Observé aquella pintura a medio terminar donde se mostraban dos figuras humanas sentadas en las escalerillas de la entrada de una casa, cogidas de la mano bajo el porche que les cubría de la lluvia.

—Eres todo un artista —le contesté levantándome del sillón y caminando hacia él.

Su suave risa se sobrepuso por completo sobre la melodía que sonaba en el tocadiscos de la abuela. Todo se quedó en silencio, excepto por su carcajada.

Las tardes con él eran cortas y yo solamente quería que fueran eternas. Deseaba pasarme toda la vida viendo cómo Frey pintaba bajo la luz del atardecer, escuchando una o muchas veces nuestra canción, hablando de todo y nada. Deseaba todo lo que tenía que ver con él, era todo lo que quería, era suficiente para sentirme vivo.

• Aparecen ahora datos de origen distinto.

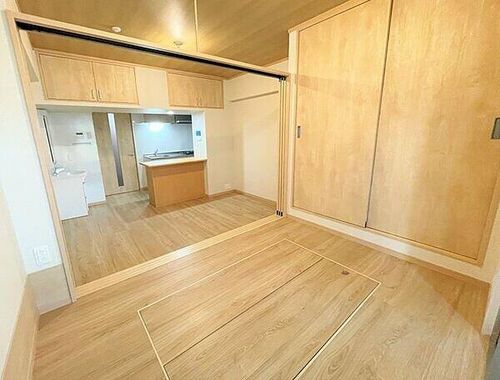 福岡県福岡市中央区那の川2丁目(マンション)の賃貸物件の内装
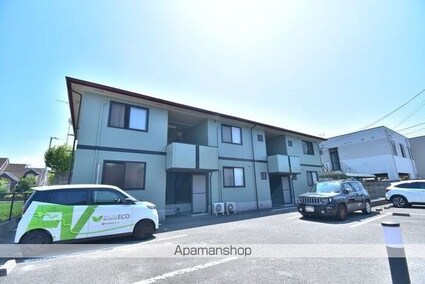 クレイドルＦ松縄[2LDK/52.99m2]の外観2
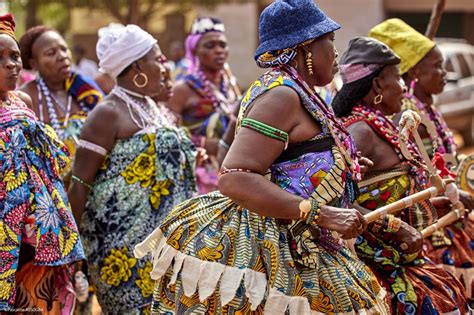 Musique Danse Et Sacrifices Au B Nin La F Te Du Vodoun Devient Un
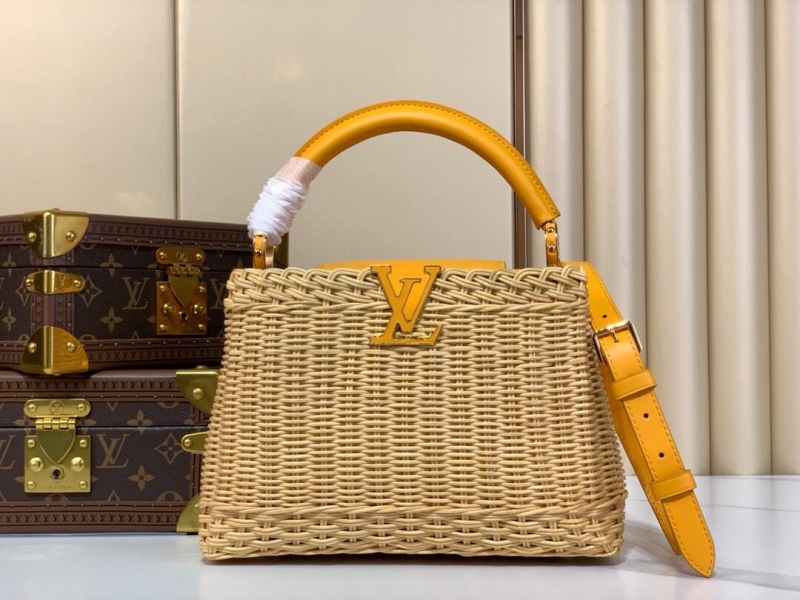 LV Capucines Bags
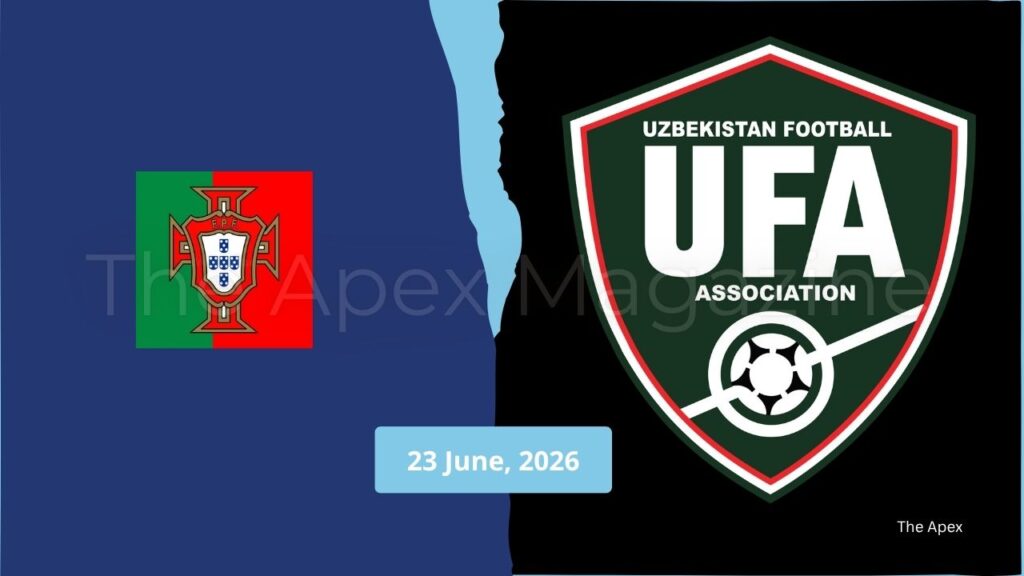 Portugal vs Uzbekist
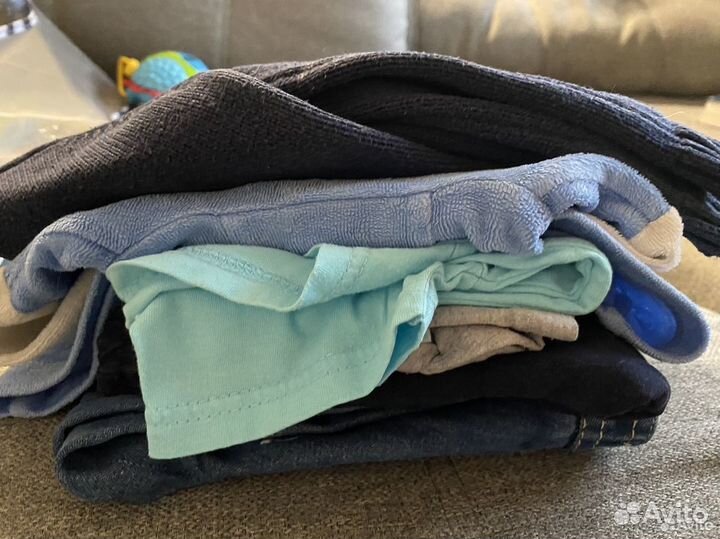 Детские вещи пакетом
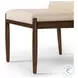 Costera Antwerp Natural Performance Fabric Dining Chair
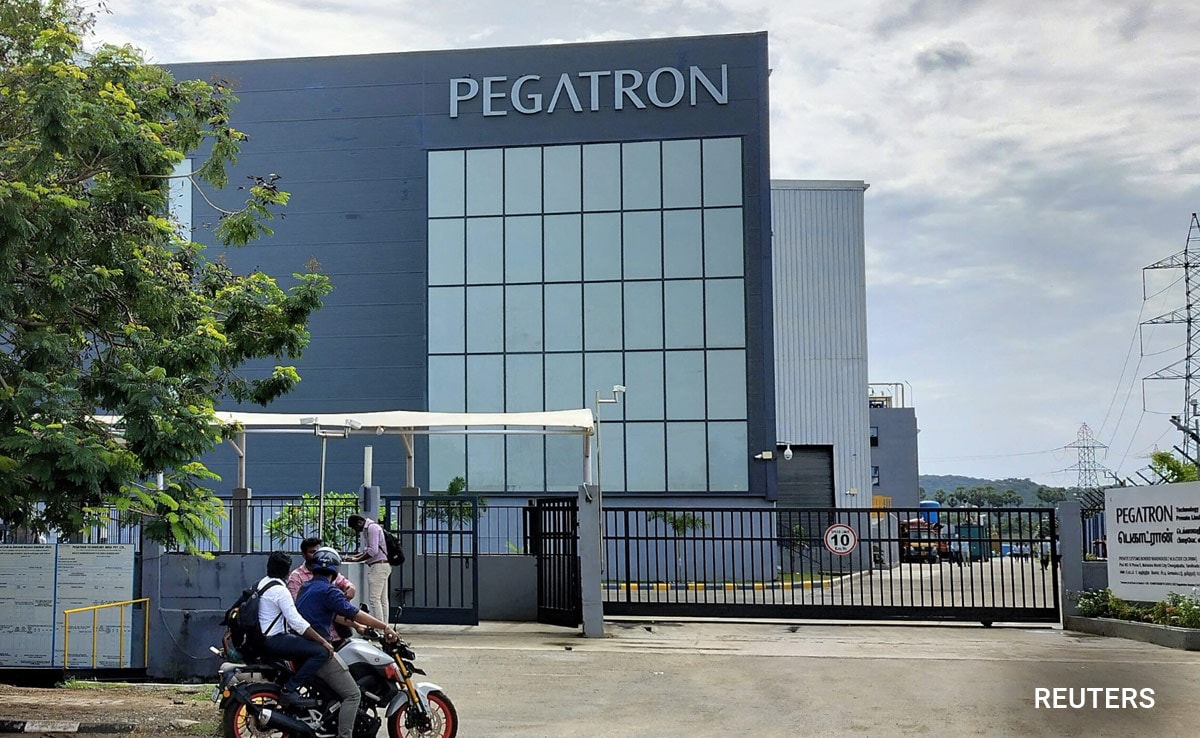 Pegatron iPhone Factory Shutdown To Go Into Day 3 After Fire: Report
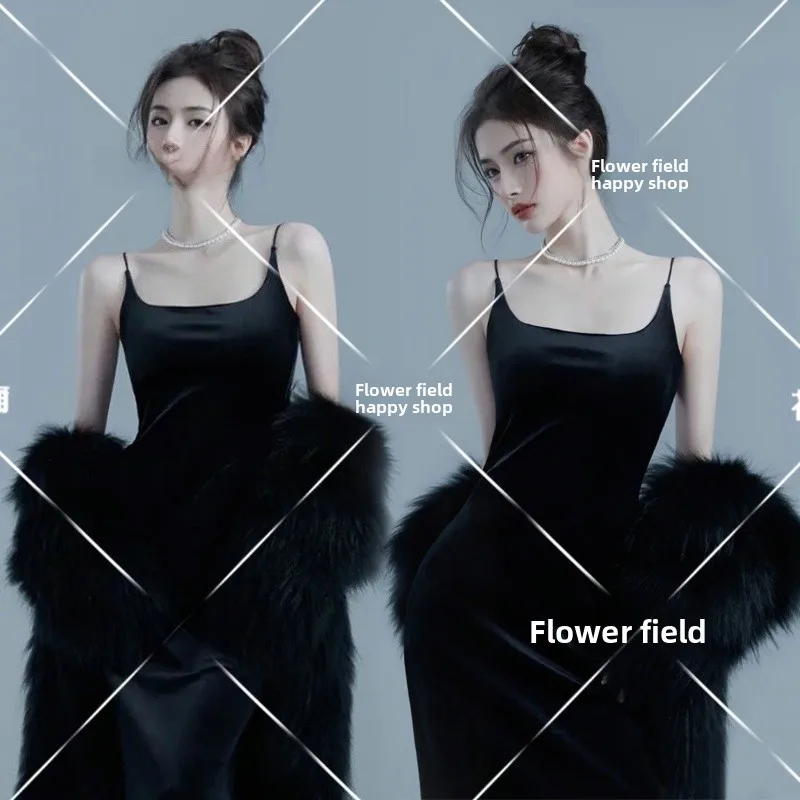 

Studio Photography Costume Personal Art Photo Shoot Rich Girl Lady High-End Atmosphere Famous Lady Individual Art Photo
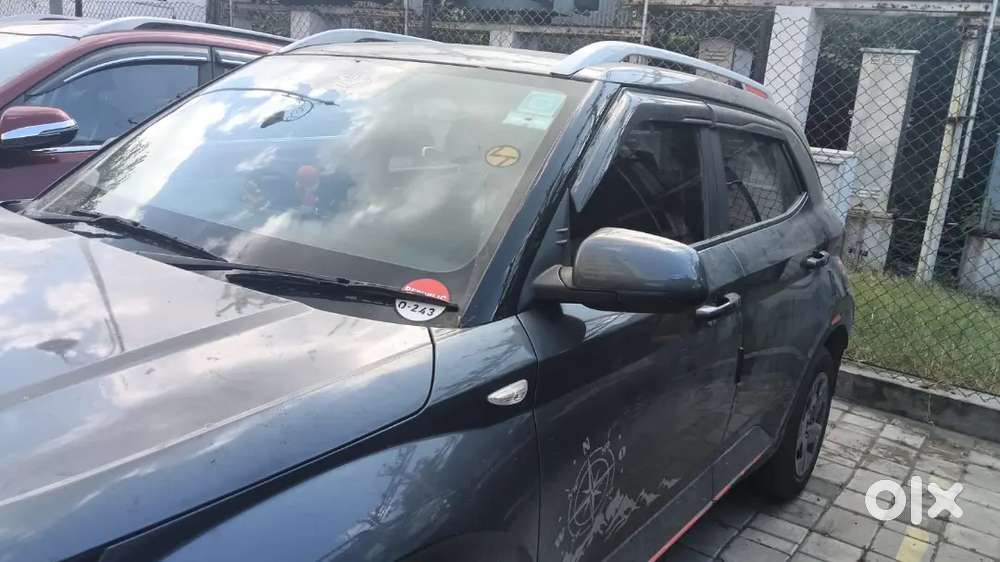 Hyundai Venue S Plus 2024 Model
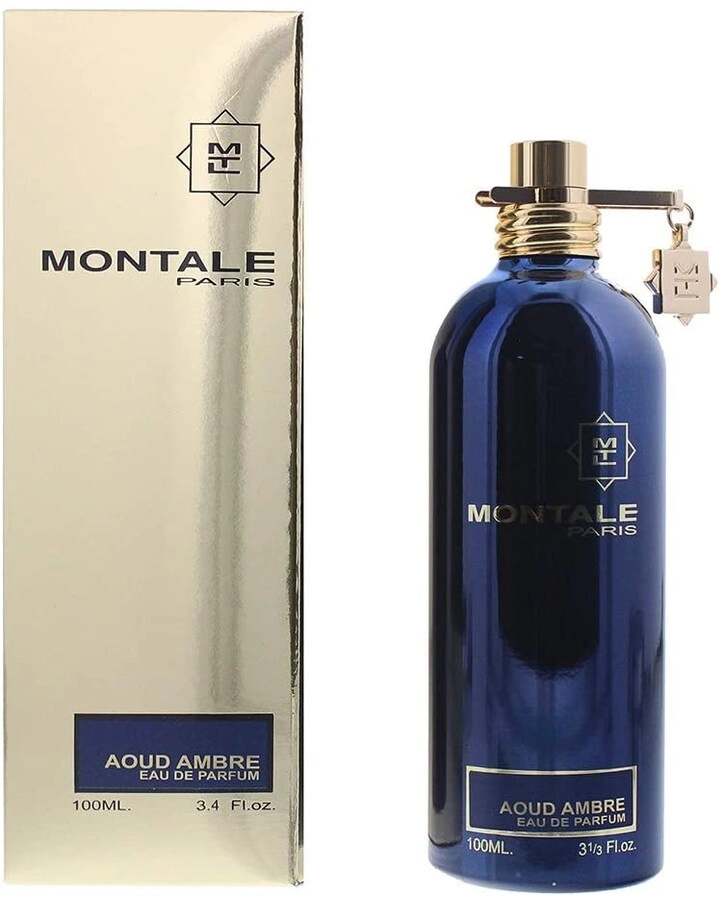 Aoud Ambre Eau de Parfum 100ml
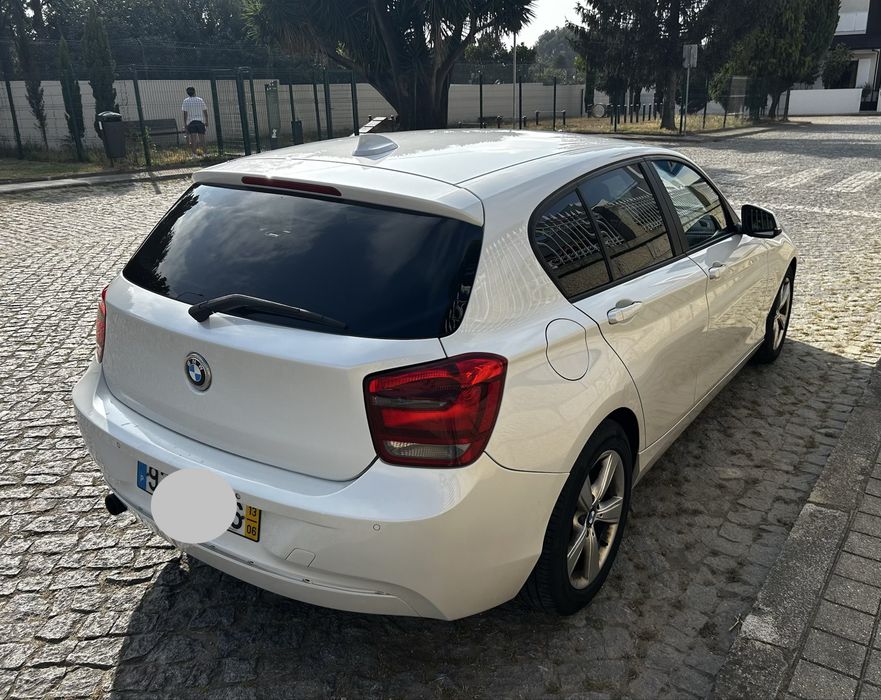 BMW 116 — fotografia 3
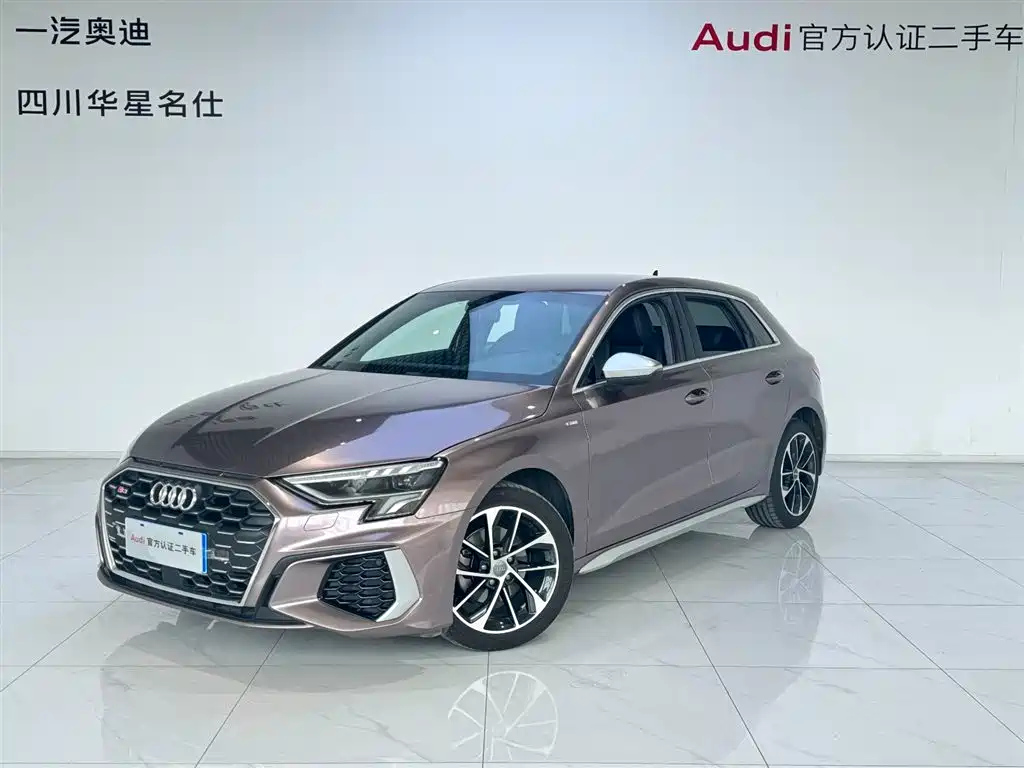 AUDI A3 2022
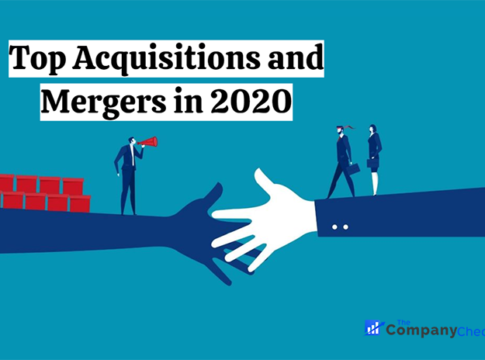 Top Acquisitions and Mergers in 2020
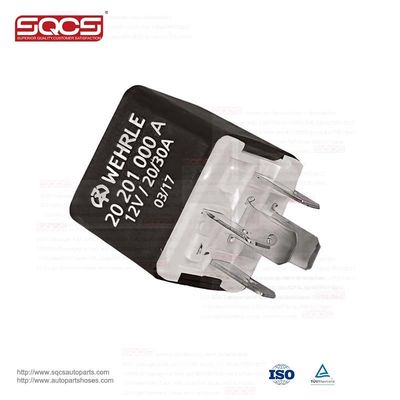 Customized 4840089 Relay for Iveco Fast Production Time of 7-15 days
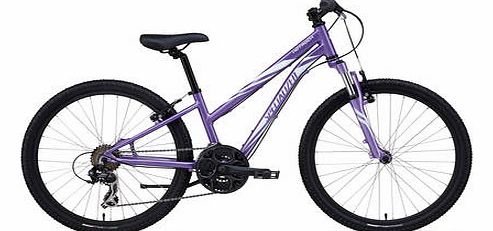 Specialized Hotrock 24 Girls 2015 Kids Bike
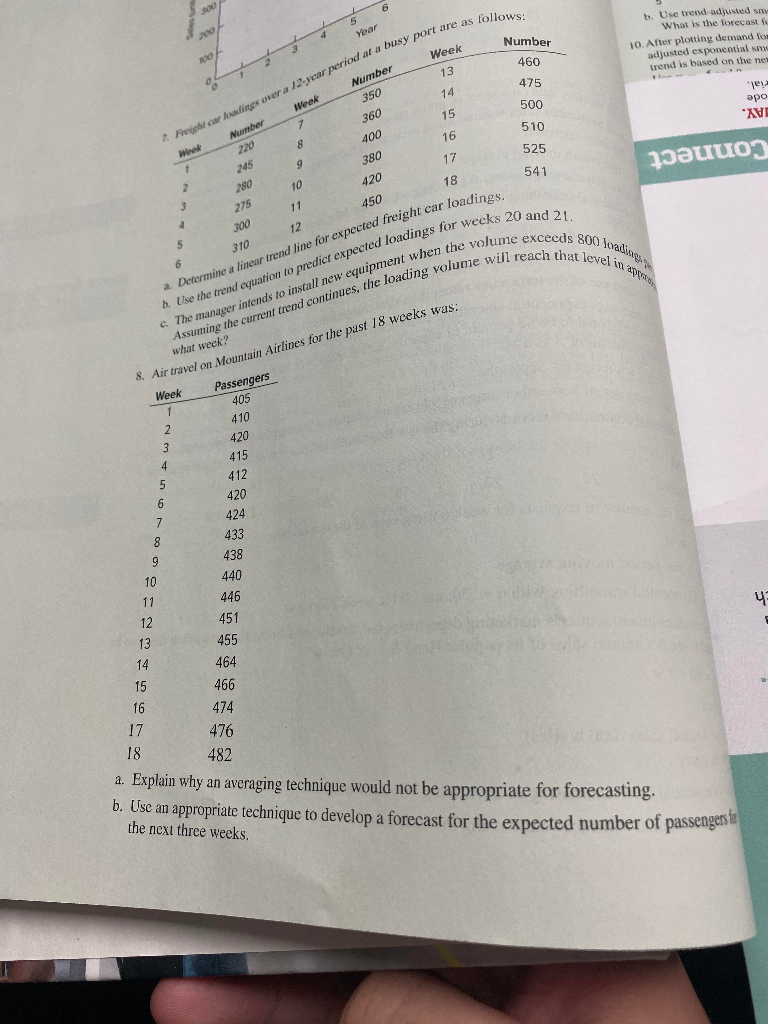 Need help solving problem number 8 6 5 4 Year art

Pasé el brazo por sus hombros para contemplar los dos juntos la obra. Hacía tiempo que los gestos amigables, que antes pasaban desapercibidos, ahora tenian un significado. Una conexión especial, una resonancia inexplicable. A medida que compartíamos risas e historias me sorprendí a mí mismo analizando cada detalle de la presencia de Frey. La forma en que sus ojos brillaban al contar una anécdota, la calidez de su sonrisa, y la proximidad física que antes parecía común, ahora desencadenaba una mezcla de nerviosismo y anhelo.